According to Waxman, the new disclosures were made Tuesday during a Pentagon briefing from Democratic and Republican staff of the Government Reform Committee, where Waxman is the ranking Democrat. Rep. Thomas M. Davis (R-Va.), the committee chairman, could not be reached.
At that meeting, Waxman said, political appointee Michael Mobbs -- a special assistant to Feith -- said that in the summer of 2002, he was put in charge of the Energy Infrastructure Planning Group, whose job was to create a plan for the reconstruction of Iraq’s oil industry in case of war. Mobbs did not return calls for comment.
Mobbs told Waxman’s staff that he soon realized that he needed outside experts to do the planning. He said he held “informal” discussions inside and outside the industry to determine who could draw up such plans.
By the fall of 2002, Mobbs had decided that three companies could do the planning: Halliburton, San Francisco-based Bechtel Group and Aliso Viejo-based Fluor Corp.
Contracting experts said that the determination of which companies are able to compete for a contract is usually made by career civil servants to avoid any appearance of political influence in the outcome. “The suggestion that political appointees would be directing that type of investigation does not seem consistent with maintaining the appearance of propriety,” said Steven L. Schooner, a government contracting expert at George Washington University’s Law School.
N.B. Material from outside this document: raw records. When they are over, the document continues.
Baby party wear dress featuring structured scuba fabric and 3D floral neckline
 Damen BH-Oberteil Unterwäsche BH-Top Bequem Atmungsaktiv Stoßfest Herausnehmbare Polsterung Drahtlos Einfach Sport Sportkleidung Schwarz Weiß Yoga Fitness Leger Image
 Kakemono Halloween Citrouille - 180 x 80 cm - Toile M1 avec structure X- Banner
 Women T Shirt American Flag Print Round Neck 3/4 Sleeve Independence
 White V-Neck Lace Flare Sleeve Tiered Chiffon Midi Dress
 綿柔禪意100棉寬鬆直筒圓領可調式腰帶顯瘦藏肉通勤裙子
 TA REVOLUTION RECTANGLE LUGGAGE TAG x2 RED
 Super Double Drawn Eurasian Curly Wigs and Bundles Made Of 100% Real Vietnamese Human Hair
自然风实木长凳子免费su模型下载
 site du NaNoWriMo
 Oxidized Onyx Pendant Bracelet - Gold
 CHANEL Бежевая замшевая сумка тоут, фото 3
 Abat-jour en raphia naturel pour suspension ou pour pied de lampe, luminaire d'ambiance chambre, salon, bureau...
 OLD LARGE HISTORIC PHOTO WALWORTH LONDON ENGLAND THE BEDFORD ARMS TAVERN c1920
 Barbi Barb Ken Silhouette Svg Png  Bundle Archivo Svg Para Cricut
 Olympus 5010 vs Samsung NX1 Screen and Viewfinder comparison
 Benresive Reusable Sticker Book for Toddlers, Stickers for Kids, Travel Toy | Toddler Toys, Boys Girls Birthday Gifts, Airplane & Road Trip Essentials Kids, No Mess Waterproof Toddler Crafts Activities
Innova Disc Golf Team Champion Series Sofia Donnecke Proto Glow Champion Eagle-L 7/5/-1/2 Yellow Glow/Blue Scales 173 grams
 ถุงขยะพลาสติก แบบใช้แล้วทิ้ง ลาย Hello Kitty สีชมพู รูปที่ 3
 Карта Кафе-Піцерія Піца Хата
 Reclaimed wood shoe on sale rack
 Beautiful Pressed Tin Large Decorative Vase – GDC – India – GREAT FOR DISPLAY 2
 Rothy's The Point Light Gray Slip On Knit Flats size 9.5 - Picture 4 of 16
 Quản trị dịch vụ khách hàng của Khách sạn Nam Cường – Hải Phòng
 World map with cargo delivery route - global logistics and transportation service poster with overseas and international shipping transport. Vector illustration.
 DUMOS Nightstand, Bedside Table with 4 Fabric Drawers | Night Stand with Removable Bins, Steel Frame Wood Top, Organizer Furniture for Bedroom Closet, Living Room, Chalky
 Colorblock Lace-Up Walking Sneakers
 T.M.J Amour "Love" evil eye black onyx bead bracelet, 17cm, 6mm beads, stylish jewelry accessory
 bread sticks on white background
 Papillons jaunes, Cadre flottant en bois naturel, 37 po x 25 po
Mobbs reportedly told Waxman’s staff that his group -- not contracting officers -- had chosen Halliburton to do the work since the company was already working with the military under a separate, multibillion-dollar contract to provide housing, food and logistical support.
Mobbs said an Army lawyer objected to using the logistics contract to conduct planning for the oil industry, saying that it was beyond its scope. A Defense Department lawyer working with Mobbs’ task force, however, overruled the Army lawyer to allow Halliburton to conduct the planning.
The General Accounting Office, in a draft report expected to be released this week, concluded that the Defense Department lawyer had made a mistake.
Several experts described the pursuit of different legal opinions as out of the ordinary.
Defense Secretary Donald H. “Rumsfeld’s political lawyers steamrollered the career guys to push through Halliburton’s secret deal,” said Charles Tiefer, a law professor at the University of Baltimore who recently wrote a book on government contracting. “It creates a disturbing appearance of influence when Cheney’s lawyers are told several times Halliburton is getting special deals, and they never say, ‘Make sure the career people agree this is being done right.’ ”
The next step in the process was taken in October 2002, when Mobbs reviewed his decision to use Halliburton with an executive committee of deputies from various government agencies. That panel included I. Lewis “Scooter” Libby, the vice president’s chief of staff.
Mobbs told the panel that he never felt political pressure to award the contract. But he said he reviewed it with Libby and others to give them the chance to reverse his decision if they had political concerns.
Mobbs “confirmed that your office had a clear opportunity to exert influence over this proposal,” Waxman said in his letter to Cheney. “He said that if anyone had raised an objection to selecting Halliburton without any competition, he would have gone back and reconsidered his approach.”
On Nov. 8, the Army awarded Halliburton a $1.9-million order under the logistics contract to carry out the planning. Four months later, the Army gave Halliburton the no-bid job worth up to $7 billion to execute the plan that the company had developed, citing its role in drawing up the plan, according to documents obtained by Judicial Watch through a Freedom of Information Act request.
Democratic officials said that Mobbs knew all along that the lucrative contract would be given to the company that produced the plans in the first place.
“It was known it would lead to the... contract,” said a senior Democratic staffer with knowledge of the briefing.